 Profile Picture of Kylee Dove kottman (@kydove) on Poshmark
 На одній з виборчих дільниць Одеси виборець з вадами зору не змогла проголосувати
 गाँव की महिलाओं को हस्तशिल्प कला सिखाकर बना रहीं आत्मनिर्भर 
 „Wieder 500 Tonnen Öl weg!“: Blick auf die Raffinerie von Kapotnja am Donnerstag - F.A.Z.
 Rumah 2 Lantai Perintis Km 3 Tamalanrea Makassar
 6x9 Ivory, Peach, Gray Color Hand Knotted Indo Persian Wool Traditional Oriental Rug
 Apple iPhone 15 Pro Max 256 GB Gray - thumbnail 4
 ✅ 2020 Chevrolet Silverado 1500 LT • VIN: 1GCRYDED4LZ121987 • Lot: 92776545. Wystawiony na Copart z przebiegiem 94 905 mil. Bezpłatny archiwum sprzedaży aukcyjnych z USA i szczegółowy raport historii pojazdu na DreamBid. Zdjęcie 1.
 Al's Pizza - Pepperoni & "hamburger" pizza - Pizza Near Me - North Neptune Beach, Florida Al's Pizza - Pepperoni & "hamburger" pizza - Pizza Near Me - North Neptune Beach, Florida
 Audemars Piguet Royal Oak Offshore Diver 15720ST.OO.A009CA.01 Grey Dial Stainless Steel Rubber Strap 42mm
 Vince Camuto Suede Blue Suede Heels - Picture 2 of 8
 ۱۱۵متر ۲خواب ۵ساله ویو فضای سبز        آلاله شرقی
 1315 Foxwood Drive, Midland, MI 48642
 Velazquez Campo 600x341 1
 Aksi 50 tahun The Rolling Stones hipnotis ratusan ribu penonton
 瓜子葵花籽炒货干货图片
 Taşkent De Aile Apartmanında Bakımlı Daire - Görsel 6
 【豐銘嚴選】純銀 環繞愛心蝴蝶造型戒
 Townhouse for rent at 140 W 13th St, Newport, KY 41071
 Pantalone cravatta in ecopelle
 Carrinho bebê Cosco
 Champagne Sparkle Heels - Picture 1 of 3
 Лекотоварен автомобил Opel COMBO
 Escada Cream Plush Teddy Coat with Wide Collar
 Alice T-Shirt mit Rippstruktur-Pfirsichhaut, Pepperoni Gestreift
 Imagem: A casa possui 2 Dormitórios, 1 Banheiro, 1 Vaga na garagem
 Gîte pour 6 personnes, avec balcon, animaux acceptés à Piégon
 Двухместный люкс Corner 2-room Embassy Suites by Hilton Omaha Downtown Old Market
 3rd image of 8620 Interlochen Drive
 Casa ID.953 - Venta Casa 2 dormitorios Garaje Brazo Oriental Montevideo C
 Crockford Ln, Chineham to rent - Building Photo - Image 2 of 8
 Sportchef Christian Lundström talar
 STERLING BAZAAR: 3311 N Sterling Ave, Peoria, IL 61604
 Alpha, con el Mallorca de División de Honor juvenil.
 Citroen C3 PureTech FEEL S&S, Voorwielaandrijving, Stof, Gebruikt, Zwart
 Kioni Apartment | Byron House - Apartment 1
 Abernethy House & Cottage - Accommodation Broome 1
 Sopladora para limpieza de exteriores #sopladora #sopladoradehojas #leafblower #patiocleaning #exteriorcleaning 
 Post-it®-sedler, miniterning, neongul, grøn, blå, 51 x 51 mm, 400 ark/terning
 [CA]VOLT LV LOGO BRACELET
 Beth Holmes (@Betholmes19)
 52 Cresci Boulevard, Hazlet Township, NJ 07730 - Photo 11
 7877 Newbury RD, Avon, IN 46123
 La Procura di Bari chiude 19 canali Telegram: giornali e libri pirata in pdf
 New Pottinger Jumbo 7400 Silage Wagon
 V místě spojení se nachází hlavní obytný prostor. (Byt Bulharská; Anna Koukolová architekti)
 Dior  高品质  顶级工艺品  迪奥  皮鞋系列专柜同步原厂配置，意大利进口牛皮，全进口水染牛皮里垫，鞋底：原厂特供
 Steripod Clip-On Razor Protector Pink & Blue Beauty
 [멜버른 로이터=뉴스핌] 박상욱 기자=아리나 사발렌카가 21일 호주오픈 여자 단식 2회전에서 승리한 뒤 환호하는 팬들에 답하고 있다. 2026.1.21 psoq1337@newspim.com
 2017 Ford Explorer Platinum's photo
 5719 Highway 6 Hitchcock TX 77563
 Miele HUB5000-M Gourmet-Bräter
++++++++++
All lines from the one containing "Steripod Clip-On Razor" through the end of the records, both ends included, are to be quoted exactly; please add nothing else.

 Steripod Clip-On Razor Protector Pink & Blue Beauty
 [멜버른 로이터=뉴스핌] 박상욱 기자=아리나 사발렌카가 21일 호주오픈 여자 단식 2회전에서 승리한 뒤 환호하는 팬들에 답하고 있다. 2026.1.21 psoq1337@newspim.com
 2017 Ford Explorer Platinum's photo
 5719 Highway 6 Hitchcock TX 77563
 Miele HUB5000-M Gourmet-Bräter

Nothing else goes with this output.